The company's €1.2B commitment for Finnish operations establishes a beachhead in the Nordic market, where district heating integration and waste heat reuse create additional revenue opportunities with municipalities and telecom operators.
AI infrastructure specialization
DayOne's liquid cooling capabilities supporting 130kW+ per cabinet positions the company to capture growing demand from AI model training and inference workloads. The company's prefab factory can scale production of AI-ready modules as hyperscalers and AI startups require higher-density deployments than legacy colocation can provide.
The integration of solid-oxide fuel cells and hydrogen infrastructure at the Singapore facility creates differentiation for customers requiring verifiable emissions reductions and energy independence.
Operations as a service
DayOne's regional operations and training center in Johor will certify over 1,000 engineers, enabling the company to offer white-label operations and maintenance services.
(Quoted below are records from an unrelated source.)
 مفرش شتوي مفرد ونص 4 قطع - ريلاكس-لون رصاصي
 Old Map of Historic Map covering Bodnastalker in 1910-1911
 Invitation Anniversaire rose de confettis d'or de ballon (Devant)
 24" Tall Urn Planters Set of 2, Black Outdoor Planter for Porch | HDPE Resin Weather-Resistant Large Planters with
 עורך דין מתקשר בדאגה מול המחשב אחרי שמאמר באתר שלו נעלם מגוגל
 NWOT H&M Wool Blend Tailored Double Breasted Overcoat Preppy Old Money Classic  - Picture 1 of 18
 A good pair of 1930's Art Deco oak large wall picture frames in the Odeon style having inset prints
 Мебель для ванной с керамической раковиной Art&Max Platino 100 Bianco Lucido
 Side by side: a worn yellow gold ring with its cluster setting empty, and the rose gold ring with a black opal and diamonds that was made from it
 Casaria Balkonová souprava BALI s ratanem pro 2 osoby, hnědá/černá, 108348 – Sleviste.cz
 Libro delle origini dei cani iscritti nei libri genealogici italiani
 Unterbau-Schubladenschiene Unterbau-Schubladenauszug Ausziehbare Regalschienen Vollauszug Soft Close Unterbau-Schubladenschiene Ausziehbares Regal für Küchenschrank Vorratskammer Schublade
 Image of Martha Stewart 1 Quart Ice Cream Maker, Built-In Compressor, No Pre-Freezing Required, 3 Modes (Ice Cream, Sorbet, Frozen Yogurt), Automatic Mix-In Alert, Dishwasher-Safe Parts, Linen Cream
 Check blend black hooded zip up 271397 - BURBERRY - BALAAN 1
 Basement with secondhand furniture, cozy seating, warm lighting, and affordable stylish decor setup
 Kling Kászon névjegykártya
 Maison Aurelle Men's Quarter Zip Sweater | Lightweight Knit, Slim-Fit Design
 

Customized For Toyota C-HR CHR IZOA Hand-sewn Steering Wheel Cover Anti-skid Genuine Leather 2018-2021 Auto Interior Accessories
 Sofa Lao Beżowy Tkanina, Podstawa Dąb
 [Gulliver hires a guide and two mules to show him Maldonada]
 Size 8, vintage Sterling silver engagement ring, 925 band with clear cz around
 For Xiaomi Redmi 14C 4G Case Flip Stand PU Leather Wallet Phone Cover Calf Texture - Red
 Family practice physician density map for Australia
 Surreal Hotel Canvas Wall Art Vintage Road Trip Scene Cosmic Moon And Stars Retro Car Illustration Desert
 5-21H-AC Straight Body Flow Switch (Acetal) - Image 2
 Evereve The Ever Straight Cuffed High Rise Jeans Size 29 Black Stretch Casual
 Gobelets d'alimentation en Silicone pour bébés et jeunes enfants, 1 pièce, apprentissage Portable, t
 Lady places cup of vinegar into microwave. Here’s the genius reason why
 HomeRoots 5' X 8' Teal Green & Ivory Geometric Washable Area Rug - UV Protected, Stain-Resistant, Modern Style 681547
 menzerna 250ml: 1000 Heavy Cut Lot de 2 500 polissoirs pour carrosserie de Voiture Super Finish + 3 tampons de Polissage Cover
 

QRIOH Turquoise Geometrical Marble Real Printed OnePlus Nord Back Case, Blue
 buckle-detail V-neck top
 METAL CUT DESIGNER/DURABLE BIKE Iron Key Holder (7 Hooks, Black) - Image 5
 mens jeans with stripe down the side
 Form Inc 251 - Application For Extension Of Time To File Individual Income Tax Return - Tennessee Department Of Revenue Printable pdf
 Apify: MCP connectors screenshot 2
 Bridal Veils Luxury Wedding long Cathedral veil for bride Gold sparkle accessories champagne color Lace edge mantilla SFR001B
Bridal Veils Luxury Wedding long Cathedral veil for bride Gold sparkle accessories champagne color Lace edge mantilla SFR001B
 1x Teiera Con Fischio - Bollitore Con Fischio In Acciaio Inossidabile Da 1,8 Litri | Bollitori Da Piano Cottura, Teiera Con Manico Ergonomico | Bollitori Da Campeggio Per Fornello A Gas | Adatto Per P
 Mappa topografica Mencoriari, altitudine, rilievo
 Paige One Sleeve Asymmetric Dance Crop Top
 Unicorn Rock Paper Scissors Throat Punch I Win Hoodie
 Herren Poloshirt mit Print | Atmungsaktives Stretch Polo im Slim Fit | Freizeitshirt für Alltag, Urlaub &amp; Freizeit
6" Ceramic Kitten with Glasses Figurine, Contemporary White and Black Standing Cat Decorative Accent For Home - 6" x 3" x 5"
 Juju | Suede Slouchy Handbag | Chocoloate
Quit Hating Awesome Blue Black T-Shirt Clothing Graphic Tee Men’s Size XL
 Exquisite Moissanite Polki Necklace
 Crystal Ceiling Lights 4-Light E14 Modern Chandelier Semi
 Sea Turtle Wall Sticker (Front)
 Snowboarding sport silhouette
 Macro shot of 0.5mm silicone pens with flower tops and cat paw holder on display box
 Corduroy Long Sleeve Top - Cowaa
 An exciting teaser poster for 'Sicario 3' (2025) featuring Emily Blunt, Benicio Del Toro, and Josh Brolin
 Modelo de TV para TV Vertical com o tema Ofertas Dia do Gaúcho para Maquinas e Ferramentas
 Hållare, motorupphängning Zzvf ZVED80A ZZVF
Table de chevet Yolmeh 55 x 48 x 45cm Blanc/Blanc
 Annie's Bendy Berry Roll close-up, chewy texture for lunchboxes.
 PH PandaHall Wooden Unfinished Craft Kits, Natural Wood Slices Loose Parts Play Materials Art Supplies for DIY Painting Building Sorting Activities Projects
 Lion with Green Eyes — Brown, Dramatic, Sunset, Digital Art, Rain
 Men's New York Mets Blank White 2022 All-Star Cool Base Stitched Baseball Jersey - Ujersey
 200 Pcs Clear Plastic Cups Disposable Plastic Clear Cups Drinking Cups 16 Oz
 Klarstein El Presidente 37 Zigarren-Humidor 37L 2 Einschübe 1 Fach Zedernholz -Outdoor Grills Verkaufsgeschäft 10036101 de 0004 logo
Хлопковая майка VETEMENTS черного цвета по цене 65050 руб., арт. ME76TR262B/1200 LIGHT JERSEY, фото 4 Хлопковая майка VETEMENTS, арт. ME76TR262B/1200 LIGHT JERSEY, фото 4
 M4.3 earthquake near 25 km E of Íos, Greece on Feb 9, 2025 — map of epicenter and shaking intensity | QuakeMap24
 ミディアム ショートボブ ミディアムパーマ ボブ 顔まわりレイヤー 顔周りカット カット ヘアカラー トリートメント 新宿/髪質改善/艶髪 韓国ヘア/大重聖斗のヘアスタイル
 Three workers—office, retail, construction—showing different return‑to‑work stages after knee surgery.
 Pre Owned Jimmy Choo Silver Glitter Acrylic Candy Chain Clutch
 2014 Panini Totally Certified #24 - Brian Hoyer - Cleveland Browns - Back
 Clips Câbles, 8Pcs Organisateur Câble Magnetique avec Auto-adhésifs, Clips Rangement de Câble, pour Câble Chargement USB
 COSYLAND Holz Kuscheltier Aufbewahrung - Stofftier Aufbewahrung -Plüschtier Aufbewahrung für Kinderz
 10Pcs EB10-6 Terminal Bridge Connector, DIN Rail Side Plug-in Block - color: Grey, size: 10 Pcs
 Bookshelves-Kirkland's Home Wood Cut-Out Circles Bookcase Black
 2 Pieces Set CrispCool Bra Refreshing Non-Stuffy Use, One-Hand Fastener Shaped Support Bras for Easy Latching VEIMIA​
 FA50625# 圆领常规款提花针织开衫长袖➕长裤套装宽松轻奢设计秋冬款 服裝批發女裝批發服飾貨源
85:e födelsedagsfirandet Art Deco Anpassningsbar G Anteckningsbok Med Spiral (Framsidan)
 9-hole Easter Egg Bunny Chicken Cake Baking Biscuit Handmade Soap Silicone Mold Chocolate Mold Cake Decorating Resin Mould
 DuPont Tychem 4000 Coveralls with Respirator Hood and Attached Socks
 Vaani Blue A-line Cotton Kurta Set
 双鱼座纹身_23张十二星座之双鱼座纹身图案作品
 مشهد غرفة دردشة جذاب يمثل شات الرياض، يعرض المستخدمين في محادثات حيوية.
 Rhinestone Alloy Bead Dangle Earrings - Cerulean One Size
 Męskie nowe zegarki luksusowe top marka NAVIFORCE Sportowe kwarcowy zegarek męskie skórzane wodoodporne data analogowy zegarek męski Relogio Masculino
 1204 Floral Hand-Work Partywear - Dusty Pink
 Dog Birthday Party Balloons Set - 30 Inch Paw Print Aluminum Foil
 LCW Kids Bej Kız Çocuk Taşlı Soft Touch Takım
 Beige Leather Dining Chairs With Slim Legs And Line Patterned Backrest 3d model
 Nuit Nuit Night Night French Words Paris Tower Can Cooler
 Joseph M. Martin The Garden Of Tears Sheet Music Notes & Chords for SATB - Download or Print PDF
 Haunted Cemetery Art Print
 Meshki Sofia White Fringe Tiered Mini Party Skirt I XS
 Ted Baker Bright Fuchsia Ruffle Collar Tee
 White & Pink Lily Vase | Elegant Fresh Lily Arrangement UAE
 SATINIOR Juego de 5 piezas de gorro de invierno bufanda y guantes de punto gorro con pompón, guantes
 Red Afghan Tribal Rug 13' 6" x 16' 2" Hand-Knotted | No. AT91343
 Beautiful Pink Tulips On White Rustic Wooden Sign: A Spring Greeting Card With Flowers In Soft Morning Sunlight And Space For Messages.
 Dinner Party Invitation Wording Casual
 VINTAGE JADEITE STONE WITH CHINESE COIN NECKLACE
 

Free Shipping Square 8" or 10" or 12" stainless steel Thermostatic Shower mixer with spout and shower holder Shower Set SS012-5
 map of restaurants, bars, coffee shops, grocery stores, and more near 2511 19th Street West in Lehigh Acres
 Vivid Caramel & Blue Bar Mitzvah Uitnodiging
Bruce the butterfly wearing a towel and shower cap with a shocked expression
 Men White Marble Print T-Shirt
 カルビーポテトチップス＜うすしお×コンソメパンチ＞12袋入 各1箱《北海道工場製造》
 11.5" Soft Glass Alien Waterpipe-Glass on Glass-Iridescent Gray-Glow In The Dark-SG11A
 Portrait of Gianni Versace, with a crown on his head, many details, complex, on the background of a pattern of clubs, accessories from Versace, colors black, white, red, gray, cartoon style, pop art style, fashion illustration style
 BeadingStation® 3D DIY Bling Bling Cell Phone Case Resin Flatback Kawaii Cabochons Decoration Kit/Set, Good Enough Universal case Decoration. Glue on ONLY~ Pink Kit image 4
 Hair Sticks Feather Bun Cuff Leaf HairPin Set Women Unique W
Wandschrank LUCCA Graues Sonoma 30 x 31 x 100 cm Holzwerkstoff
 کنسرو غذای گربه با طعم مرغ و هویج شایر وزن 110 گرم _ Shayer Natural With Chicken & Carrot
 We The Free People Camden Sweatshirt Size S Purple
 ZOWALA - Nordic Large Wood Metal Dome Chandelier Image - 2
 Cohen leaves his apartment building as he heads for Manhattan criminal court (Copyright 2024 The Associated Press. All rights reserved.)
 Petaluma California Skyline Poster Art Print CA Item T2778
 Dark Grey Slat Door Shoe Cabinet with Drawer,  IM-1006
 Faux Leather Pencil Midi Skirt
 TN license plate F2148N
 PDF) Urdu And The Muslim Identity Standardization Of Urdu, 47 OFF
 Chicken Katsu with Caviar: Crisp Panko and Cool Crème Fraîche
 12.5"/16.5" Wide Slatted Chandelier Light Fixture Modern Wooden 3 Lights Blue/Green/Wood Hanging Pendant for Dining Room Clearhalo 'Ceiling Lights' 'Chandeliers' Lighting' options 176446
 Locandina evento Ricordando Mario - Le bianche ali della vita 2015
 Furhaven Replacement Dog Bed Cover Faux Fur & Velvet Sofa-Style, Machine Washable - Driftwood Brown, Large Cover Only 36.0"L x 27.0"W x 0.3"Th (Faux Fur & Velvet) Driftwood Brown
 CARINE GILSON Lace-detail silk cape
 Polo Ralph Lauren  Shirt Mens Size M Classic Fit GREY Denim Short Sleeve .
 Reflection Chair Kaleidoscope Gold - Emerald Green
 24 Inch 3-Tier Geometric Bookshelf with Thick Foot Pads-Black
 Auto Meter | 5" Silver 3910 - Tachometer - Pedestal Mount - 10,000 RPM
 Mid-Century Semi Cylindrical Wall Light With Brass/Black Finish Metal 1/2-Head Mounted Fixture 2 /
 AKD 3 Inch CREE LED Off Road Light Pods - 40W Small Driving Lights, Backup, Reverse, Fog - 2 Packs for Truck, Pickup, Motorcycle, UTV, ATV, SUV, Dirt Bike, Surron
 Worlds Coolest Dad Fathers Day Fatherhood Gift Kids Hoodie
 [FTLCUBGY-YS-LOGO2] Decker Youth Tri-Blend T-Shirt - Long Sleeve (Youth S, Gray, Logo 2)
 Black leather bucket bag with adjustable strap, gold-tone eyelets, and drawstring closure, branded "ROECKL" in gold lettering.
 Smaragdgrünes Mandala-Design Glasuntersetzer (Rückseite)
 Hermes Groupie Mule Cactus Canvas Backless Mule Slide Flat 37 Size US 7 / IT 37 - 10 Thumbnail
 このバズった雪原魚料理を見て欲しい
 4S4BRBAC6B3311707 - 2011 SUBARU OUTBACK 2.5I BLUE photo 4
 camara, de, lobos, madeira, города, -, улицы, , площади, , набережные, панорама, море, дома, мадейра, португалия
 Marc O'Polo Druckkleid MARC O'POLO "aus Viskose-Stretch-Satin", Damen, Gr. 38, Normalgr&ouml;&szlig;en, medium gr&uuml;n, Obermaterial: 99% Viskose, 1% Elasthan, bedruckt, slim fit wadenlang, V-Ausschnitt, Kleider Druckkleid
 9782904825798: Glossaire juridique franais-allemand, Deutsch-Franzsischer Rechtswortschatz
This creates additional recurring revenue streams beyond pure capacity leasing while addressing the skilled labor shortage in emerging data center markets.
The company can bundle remote monitoring, sustainability reporting, and technical support services for enterprise customers lacking in-house data center expertise.
Risks
Power constraints: DayOne's growth depends on securing reliable, cost-effective power supply in markets like Singapore and Malaysia where grid capacity and renewable energy availability may limit expansion. Any disruptions to power procurement or increases in energy costs could significantly impact facility economics and customer demand.
Hyperscale concentration: The business model relies heavily on a small number of large hyperscale customers who represent significant revenue concentration risk. If major customers reduce their capacity requirements or shift to self-built facilities, DayOne could face substantial revenue loss and underutilized assets.
Construction execution: The rapid deployment timeline that differentiates DayOne's modular approach creates operational risk if manufacturing or assembly processes face delays or quality issues. Any significant construction problems could damage customer relationships and competitive positioning while the company carries high fixed costs on partially completed facilities.